What interviewers want to hear:

You understand why general-purpose databases are insufficient for time-series at scale.
You know Gorilla compression (delta-of-delta + XOR) and can explain why it works.
You understand downsampling and retention policies.
You can articulate the TSDB vs OLAP decision.

Trade-offs

Downsampling Tiers

Aspect	InfluxDB	TimescaleDB	Prometheus
Query language	InfluxQL / Flux	Full SQL	PromQL
Write model	Push	Push	Pull (scrape)
Cardinality limit	Low-medium	Medium-high	Low-medium
JOINs	No	Yes (full SQL)	No
Long-term storage	Built-in	PostgreSQL tooling	Thanos/Cortex
Operational cost	Standalone binary	PostgreSQL ops	Simple but limited
Clustering	Enterprise only	Multi-node (paid)	Thanos/Cortex

Common Mistakes

Just use PostgreSQL with a timestamp column

It works at small scale.
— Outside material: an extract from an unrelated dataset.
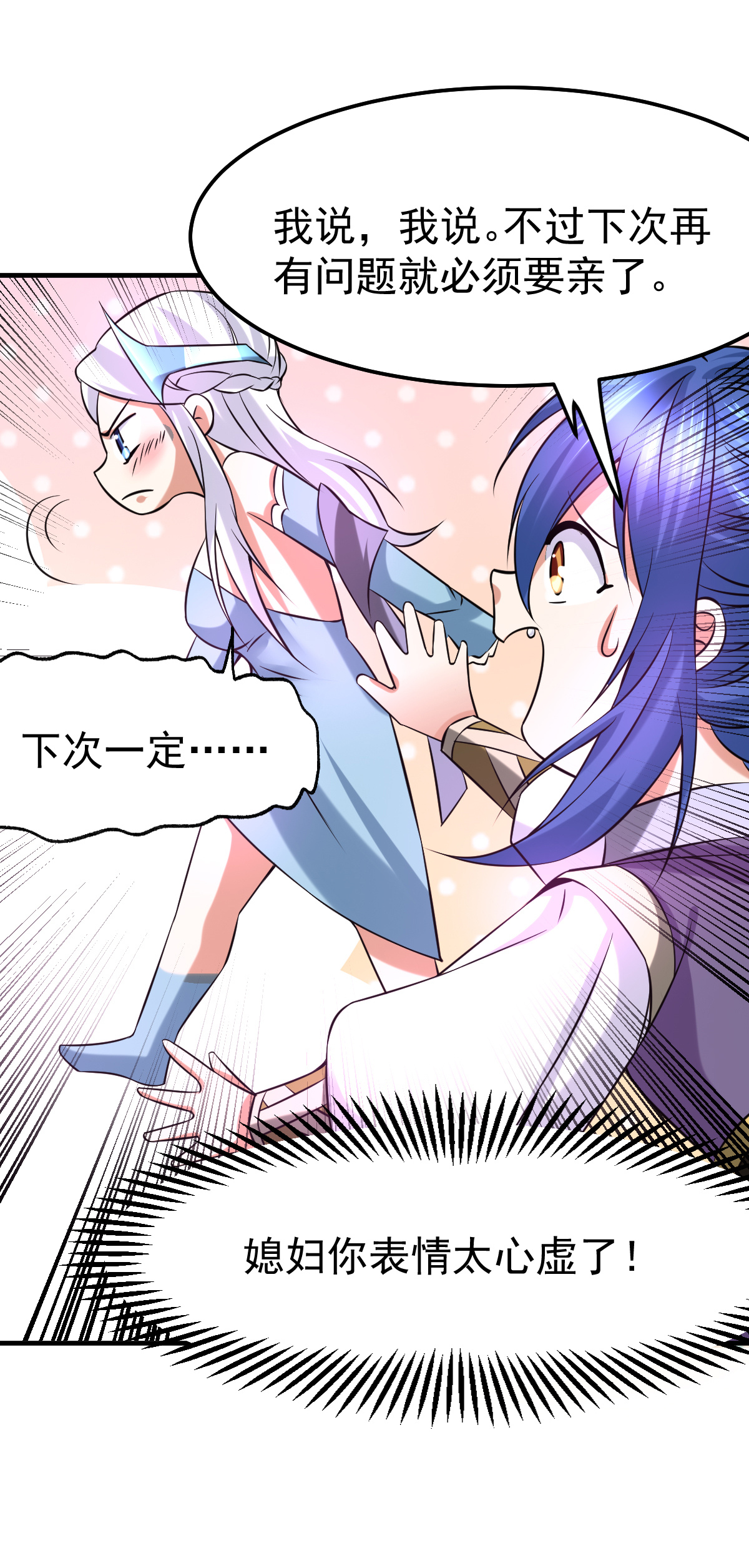 本婿修的是贱道第34话 张家复仇大计！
At monitoring scale (millions of writes/second), B-tree index updates become a bottleneck. Range scans across months of data are slow because row-based storage interleaves unrelated columns. TimescaleDB solves this by adding time partitioning to PostgreSQL.

Store everything at the highest resolution forever

10-second resolution for 5 years: 15.8 million data points per metric. At 1000 metrics, that is 15.8 billion data points. Even compressed, this is terabytes. Downsampling is not optional at scale -- it is the only way to keep long-term data queryable.

Averages are sufficient for downsampled data

An average hides spikes and drops. If CPU usage was 100% for 10 seconds and 0% for 290 seconds, the 5-minute average is 3.3% -- masking a critical spike. Always keep min, max, and count alongside averages. Percentiles are even better but more expensive to store.

High cardinality is fine in InfluxDB

InfluxDB indexes tag combinations. If you store user_id as a tag, each user creates a new series. 10 million users * 100 metrics = 1 billion series. The index size explodes, query performance degrades, and the system becomes unstable. Put high-cardinality fields in the field set (not indexed) or use an OLAP engine.

Prometheus can store data long-term

Prometheus local storage has a default retention of 15 days. It is designed for recent, operational data. For long-term storage, use Thanos (sidecar uploads blocks to S3, provides global query layer) or Cortex (horizontally scalable, uses object storage).

Gorilla compression works on all data

Gorilla compression exploits temporal regularity (regular intervals) and value stability (slow changes). For irregular timestamps or rapidly changing values, compression ratios degrade significantly. If your data is event-driven (user clicks, API calls) rather than periodic samples, Gorilla compression provides limited benefit.